TASK Case Manager Whitney Hendrickson knows all too well how important identification is to TASK patrons. In one case, a patron told her that his ID saved his life.
“He told me the cops were going to arrest him,” Hendrickson recalls. “He said, ‘I probably would have died or got sent back to prison. But because I remembered I had that little piece of plastic in my pocket, I was able to pull that out, show them my ID, and it was fine.’ He insisted, ‘You don’t realize what can happen to people without ID – we don’t count. My life counts because you helped me get my ID.’”
Beyond food insecurity, TASK case managers often cite identification as the most pressing problem for patrons. An ID represents opportunity. Access to food stamps, benefits, banking, medical care, housing and employment all require ID.
For many people, a lack of ID presents an inconvenience – some time locating documentation, a couple hours at the DMV and several dollars in fees. For many TASK patrons, a lack of ID presents a nearly impassible hurdle, and the documentation required often presents a formidable barrier.
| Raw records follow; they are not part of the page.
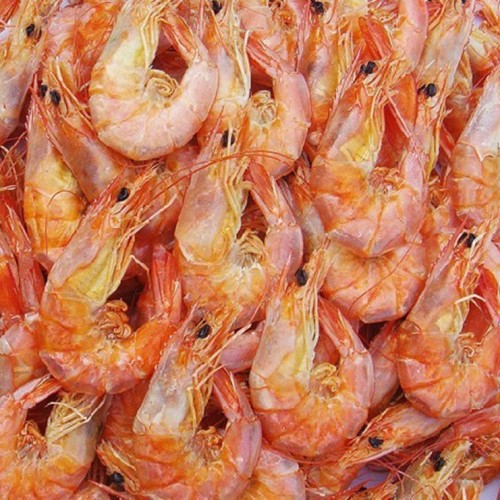 China Economical Fish Drying Machine 1000kg Commercial Fish Shrimp Dehydrator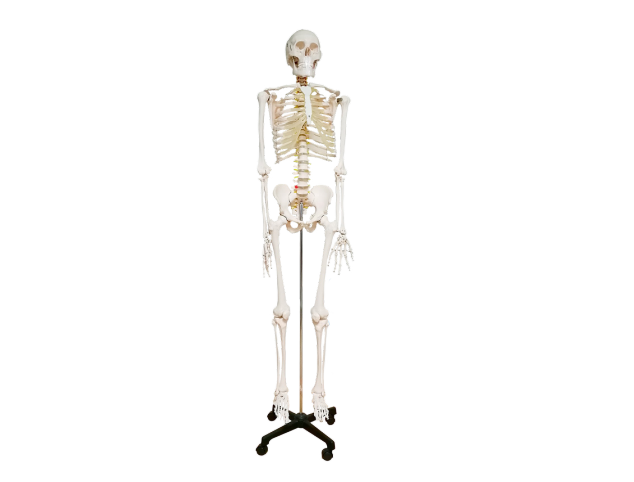 ESQUELETO HUMANO ALTO 180CM.MAT.PLAS.PVC.B.METALC/RODA ProcetScientific  x 1 Modelo anatómico de tamaño real (180 cm), diseñado para estudios médicos y demostraciones educativas. Fabricado en PVC resistente, con brazos y piernas desmontables, mandíbula móvil y detalles anatómi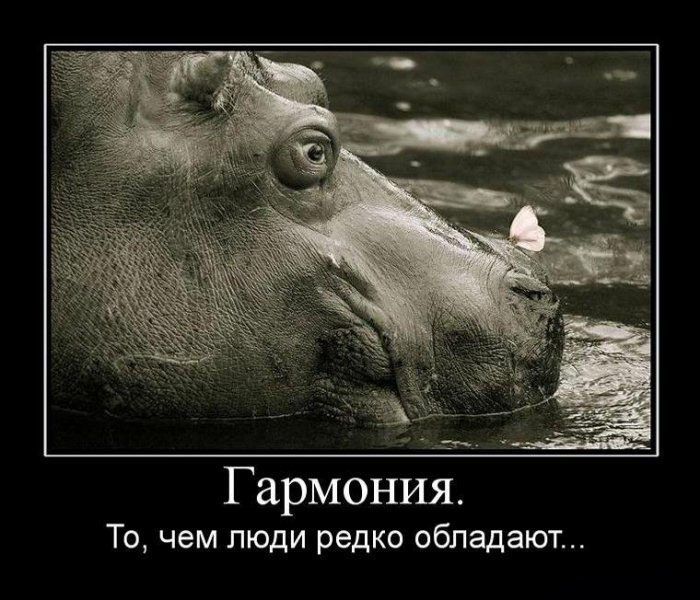 http://ru.fishki.net/picsw/072010/02/post/dem/demotivator_034.jpg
“You basically need ID to get an ID,” says Julie Janis, TASK Coordinator of Social Services. “It’s a vicious cycle, and it’s about to get more challenging.”
In New Jersey, a person must pass the 6 Points of ID Verification as required by the New Jersey Motor Vehicle Commission. Applicants must submit at least one document weighted four points and some other combination of documents weighted at lesser points. Of those four-point documents, nearly each one requires some official certificate of birth or citizenship – documents that patrons often don’t have in their possession. In addition, New Jersey will soon require proof of residency – proof that typically requires an ID to procure, and a requirement that is nearly impossible for homeless patrons to provide.
“Anyone could lose their ID, but most of us can get it back relatively easily,” Hendrickson explains. “But when you don’t have support, which is the case for many of our patrons, everything can fall apart fast.”
It’s the main reason TASK has taken the lead on the Mercer County ID Project, a partnership that will help TASK patrons and clients from other local agencies get the identification they need. The project, funded by the Mercer County Department of Human Services, will benefit the homeless and unsheltered, for whom lack of identification is prevalent.
The ID Project also includes a new hire – an identification specialist who will be based at TASK, but shared by a partnership of Trenton nonprofits – navigating the complex, time-consuming process for all.
For patrons born out-of-state, the process takes even longer. Hendrickson tells numerous stories about endless internet searches and phone calls to agencies across the U.S. in pursuit of patrons’ birth certificates, one of the simplest ways to satisfy the four-point requirement.
The search for Woodrow Gilliarod’s birth certificate took them to Mecklenburg, North Carolina. The 81-year-old military veteran wanted to collect his pension and military benefits so he could relocate to a new apartment with his severely disabled wife. Gilliarod was born at home to illiterate parents in 1941 – a time when birth certificates were not yet standardized across the United States. Additionally, his parents spelled his name one way on his birth certificate but another way when they registered him for school, so his records were inconsistent. Shutdowns caused by COVID-19 have complicated the process even further.
Eventually, case managers were able to use his wife’s identification to get him his pension and move the couple into a new space. After more than a year, Mr. Gilliarod is still waiting for his official birth certificate, preventing him from obtaining an ID. Fortunately, with TASK’s help, the process is inching forward.
TASK started obtaining identification for patrons 19 years ago. While the pandemic slowed requests last year, TASK has handled up to 700 requests in a given year.
“Over time the TASK staff has become pretty adept at managing this process, so taking on the County ID Project was a natural fit for us,” TASK Executive Director Joyce E. Campbell explains. “We’ve seen first-hand how getting the right identification can be life-changing for our patrons. The overall goal is to stream-line this process and get more people what they need to take the next steps toward self-sufficiency.”